What about Old Testament prayers? The prerequisites don't change. However, God made promises to Israel that Israel could then pray for. Read 2 Chronicles 6 and Solomon's dedicatory prayer for the temple. He prayed that God would hear their prayers of repentance in the temple. God answered the prayer in 2 Chronicles 7 with a familiar passage. Yes, if His people did humble themselves and pray there, God would hear and forgive and heal. When someone prayed that kind of prayer, like Jehoshaphat does later in 2 Chronicles, God in fact hears on those very terms.

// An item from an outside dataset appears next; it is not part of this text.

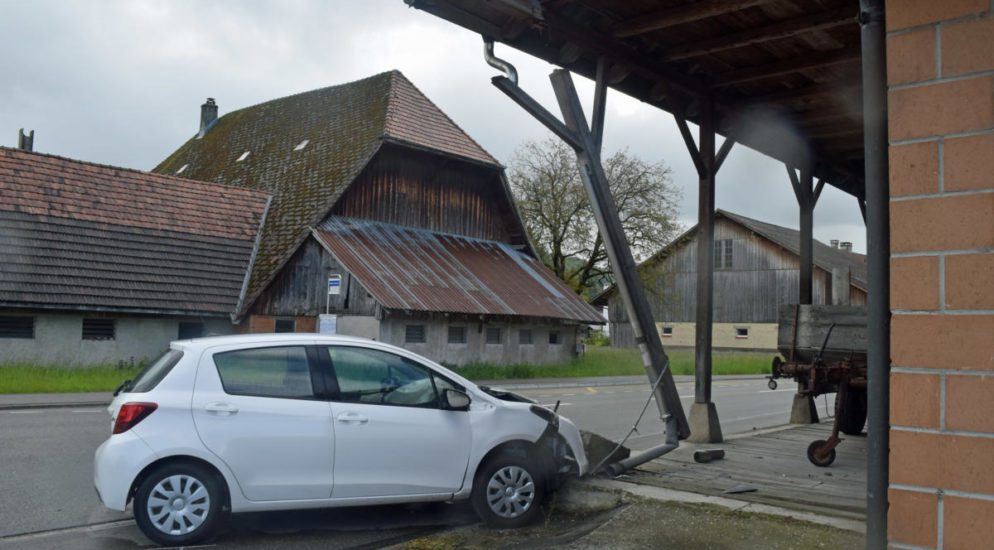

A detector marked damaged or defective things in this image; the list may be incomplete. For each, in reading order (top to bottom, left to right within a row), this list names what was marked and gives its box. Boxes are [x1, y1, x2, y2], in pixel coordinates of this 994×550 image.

rusty metal roof [314, 218, 600, 326]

Some scriptural prayers for the Apostle Paul were prayers not in God's will for us. He knew things that we don't know. But the common ground is scriptural prayers. We follow what scripture says about prayer. I know that this is where the discussion should form. Certainly we pray in everything. Whatever situation we're in, whether sickness or in other difficulties, we should pray. But what we pray should be scriptural.
Do we see New Testament prayers for healing and do we see New Testament prayers for God to save someone? I believe the answer is "no." We don't see a prayer for someone to be healed and for someone to be saved. These are not scriptural prayers. We have no basis for those prayers, so we shouldn't pray them.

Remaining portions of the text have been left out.